Critique de Tootpadu

Stanley Kubrick ne compte pas parmi nos réalisateurs de chevet, auxquels nous vouons un culte inconditionnel, comme cela peut être le cas pour John Ford, Jean Renoir et Alfred Hitchcock. Il maîtrise certes à la perfection les dispositifs de l’expression cinématographique, mais derrière cette bravoure formelle, c’est la mécanique du cerveau qui se fait ressentir et pratiquement jamais le battement du cœur. Le cinéma selon Stanley Kubrick dissèque sans merci les failles de notre civilisation, voire de notre nature humaine, et il le fait avec un sang froid qui nous met plus mal à l’aise qu’il nous enthousiasme. Ce dernier film d’une illustre filmographie, qui avait largement privilégié la qualité à la quantité, mène cette réflexion nihiliste à son comble, par le biais d’un conte moral qui est l’ultime chef-d’œuvre de son créateur.

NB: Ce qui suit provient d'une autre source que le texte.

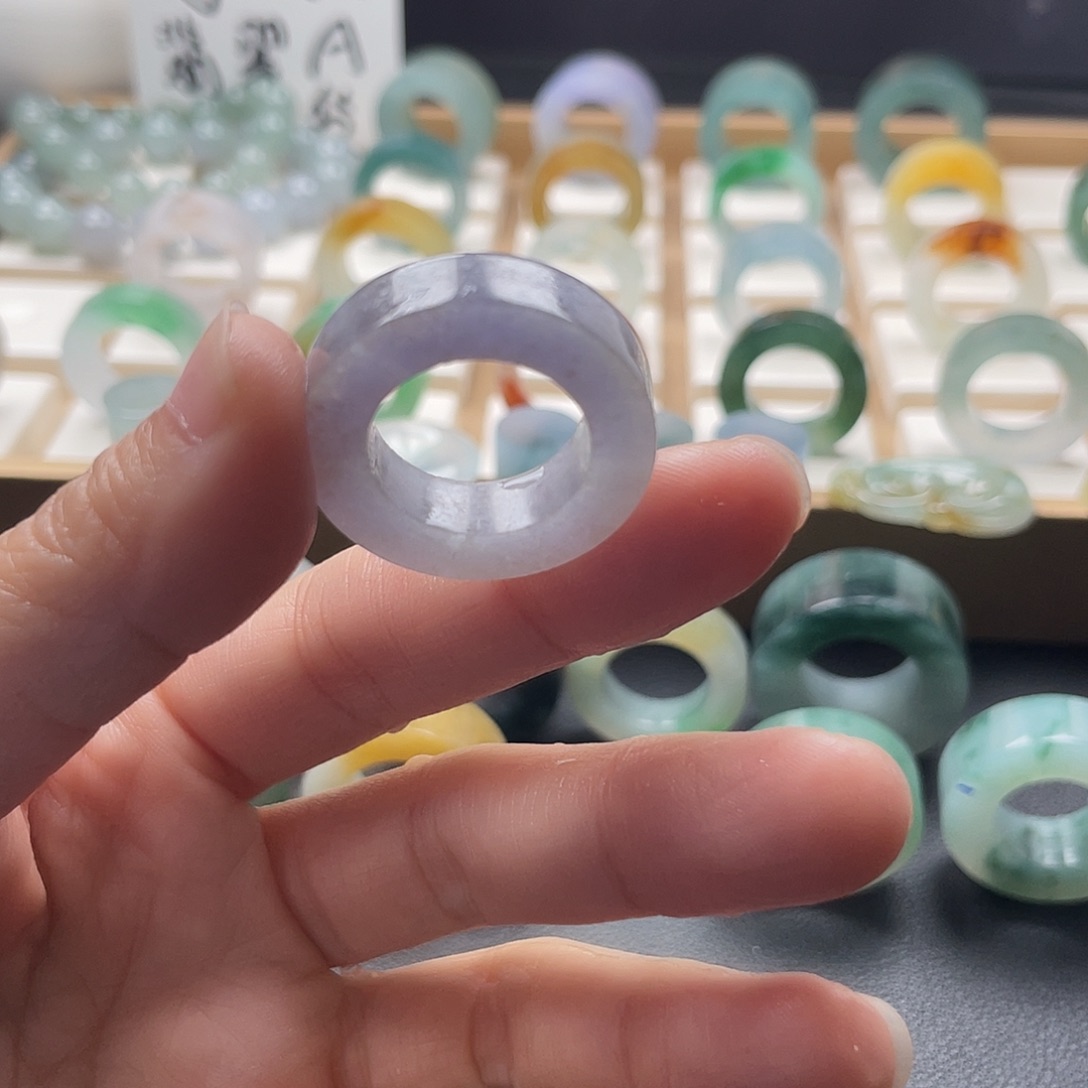 定制翡翠未镶嵌翡翠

Eyes wide shut a beau ne pas avoir été tourné aux Etats-Unis, c’est un règlement de compte féroce avec l’hypocrisie et l’artifice américains en général, et la pudibonderie de ses valeurs morales en particulier. Peu de temps avant que Lars von Trier n’allait s’attaquer directement aux pieds d’argile du colosse américain, Kubrick nous montre déjà d’une façon hautement perspicace à quel point cette culture si bien pensante court à sa perte, dès qu’elle doit affronter ses propres fantasmes. Le cheminement du protagoniste, qui s’engouffre dans un abîme après l’autre au fil d’un récit, qui paraît comme un long cauchemar sans fin tant les rares séquences de jour n’ont aucune emprise sur le ton suffocant de l’ensemble, aboutit dans le meilleur des cas à la certitude que seule la franchise absolue pourra encore sauver son couple, en très mauvaise posture.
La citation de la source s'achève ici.